Macwhirter made a point of mentioning that the SNP had, since the time of Tony Blair’s invention of ‘New Labour’ on Thatcherite principles, adopted and adapted many of the policies that the Labour Party had previously held. No revolution here, then – simply the re-labeling of existing ideas, the maintenance of the status quo under a different brand. He mentioned the referendum on independence; in that referendum the population of Scotland decided, albeit with a fairly tight margin, to remain part of the UK, again a vote for the status quo. He mentioned, of course, the stunning results in Scotland in the general election of 2015. However, he went on to describe Nicola Sturgeon’s cautious and pragmatic political philosophy of ‘utilitarian nationalism’, which regards independence not as an end in itself but as the best way of securing social justice, and the way in which it had recently drifted slightly away from the party’s relatively ‘Old Labour’ radicalism and back to a more centrist, managerial style. This swing back towards the status quo is something we see quite often in the policy of a party which wins power or a considerable and important influence within an existing power structure.
Then along comes the EU referendum, in which although the UK overall voted for leaving that organisation, Scotland voted for remaining – in effect once again for the status quo. Right now, with the probability that Theresa May will not even consider triggering Article 50 until 2019 at the earliest, and that a second referendum on Scottish independence is unlikely soon, the panic over Brexit seems to have faded a little.
I ask this: with all this status-quo breaking out everywhere, where the hell’s the revolution?
I noticed that when Macwhirter answered my truncated question, he felt it necessary to repeat the proviso about ‘revolution’ not meaning guns and barricades. Nevertheless his answer was full of “still so-and-so…” and “still such-and-such…” Iain, I have to tell you that ‘still’ is not a word you should associate with ‘revolution’! I wasn’t satisfied with his answer, and nor were the handful of people I spoke to afterwards. I can’t speak for the rest of the large audience, of course.
All the foregoing might lead you to think that I didn’t enjoy the session. Nothing could be further from the truth. Iain Macwhirter is a person with a wealth of facts and opinions at his fingertips. He has been observing the political scene, particularly in Scotland, for quite a while. The event overall was interesting and stimulating. As I look forward to the rest of the political figures booked to appear at this year’s International Book festival – the likes of Roy Hattersley and Gordon Brown – I wonder if those sessions are going to be half as engaging.

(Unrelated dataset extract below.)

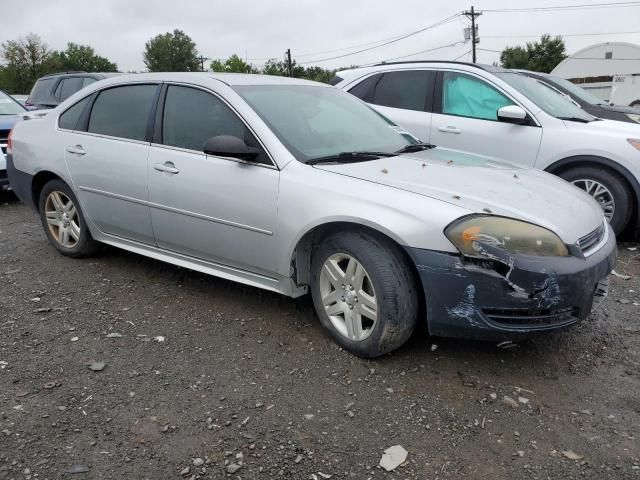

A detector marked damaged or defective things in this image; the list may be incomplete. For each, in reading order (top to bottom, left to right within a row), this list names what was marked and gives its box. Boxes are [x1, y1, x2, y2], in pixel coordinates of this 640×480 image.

cracked headlight [444, 216, 568, 256]
damaged front bumper [408, 225, 616, 342]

Even though I believe its hypothesis can’t be successfully supported, I would recommend Iain Macwhirter’s book as, if nothing else, a detailed explanation of what has been happening in Scottish statecraft, and the public’s engagement with it, during recent years. Had you been there on the day, you could have picked up a signed copy along with a bundle of some of his earlier books thrown in free! One of the perks of being there on the day at the Book Festival.